Upload to AWS Lambda
Create a zip file of the function’s files using whatever zip utility you’re familiar with. I used the command line zip
utility on macOS, like this:
zip -r lambdaupload.zip ./index.js ./node_modules/
To upload code to Lambda, return to the Code editor on the function overview and click the Upload from selector and select “.zip”.
Then select the lambdaupload.zip
file from your computer and upload it to AWS. You should see the code editor refresh and have the handler we wrote above uploaded. If you visit the API endpoint URL that we found from the trigger configuration, you should see a new response instead of the “Hello from Lambda!” message. Congratulations!
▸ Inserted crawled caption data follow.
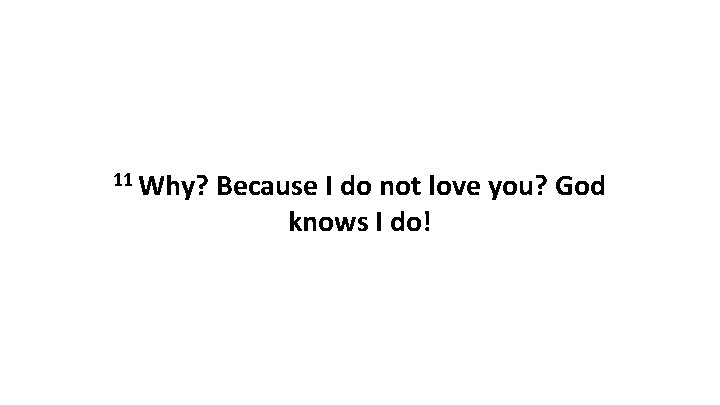 11 Why? Because I do not love you? God knows I do! 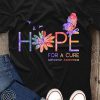 Hope for a cure alzheimer's awareness shirt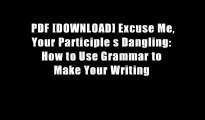 PDF [DOWNLOAD] Excuse Me, Your Participle s Dangling: How to Use Grammar to Make Your Writing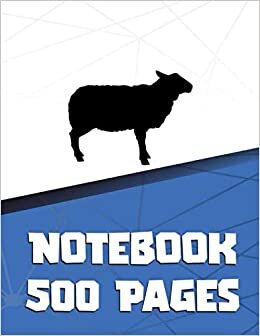 Notebook 500 Pages: Sheep - 500 Lined Pages 8.5 x 11, Wide Ruled Paper Notebook Journal | Daily diary Note taking Writing sheets | Writing Skills Paper Notebook Journal, A4 notebook 500 pages
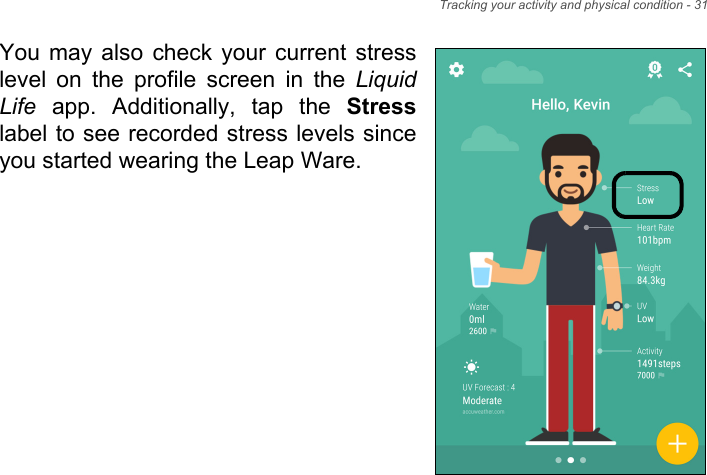 Tracking your activity and physical condition - 31You may also check your current stress level on the profile screen in the Liquid Life app. Additionally, tap the Stresslabel to see recorded stress levels since you started wearing the Leap Ware.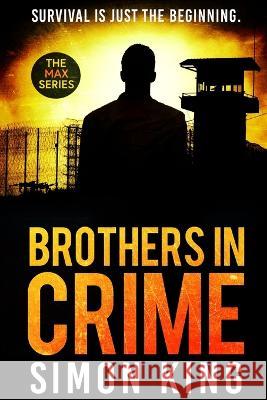 Brothers in Crime: Survival is just the beginning Simon King 9780645566406 Andrew Paul Jackson - książka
You’ve successfully deployed and triggered code on Lambda.
Next steps and the Future of Lambda
I hope this project has given you a good foundation for working with AWS Lambda. Although we used a third-party client (GitHub) integration within our function code, this layer can be replaced by any other client API or a database client connection.
Serverless frameworks
This article demonstrates a very manual and somewhat ephemeral process of Lambda configuration. There are other ways to configure and initialize Lambda driven by the AWS API.
Some tools, modules and frameworks are being built on top of the AWS API that help streamline this process:
-
serverless.com: this is the most mature FaaS framework. It delivers a very comprehensive Lambda experience and applies to other non-AWS FaaS providers. It provides a local development environment setup for rapid iteration, automated Lambda code deployment, multiple deployment staging environments, and much more.
-
terraform.io: this is a widely adopted infrastructure-as-code and configuration management tool. Terraform lets developers declaratively define cloud infrastructure configurations and then automatically deploy and sync those configurations. In the previous Lambda exercise, we did a lot of manual configuration through the AWS browser UI. This work was fairly tedious, and if we need to change anything, we’d have to do further work in the AWS UI. Instead, we could define the resources we used on AWS with Terraform and have Terraform automatically deploy the Lambda function.
FAQs About Node.js Microservices
Node.js microservices are small, independent, and modular applications built using the Node.js runtime that work together to form a larger, distributed system. They communicate via lightweight protocols (e.g., HTTP or message queues) and can be developed, deployed, and scaled independently.
Node.js is a popular choice for microservices due to its non-blocking, event-driven architecture, which makes it highly suitable for handling multiple concurrent requests. It’s also well-suited for building RESTful APIs and lightweight services.
Node microservices can communicate via various protocols, including HTTP/HTTPS, WebSocket, message queues, or gRPC. The choice of communication method depends on the specific requirements of the application.
Benefits of using Node for microservices include better scalability, improved fault tolerance, ease of development, more support, and the ability to choose the most suitable database and technology stack for each service.
An API gateway in Node.js microservices architecture acts as a central entry point for external requests. It can handle tasks like load balancing, authentication, rate limiting, and routing requests to the appropriate microservice.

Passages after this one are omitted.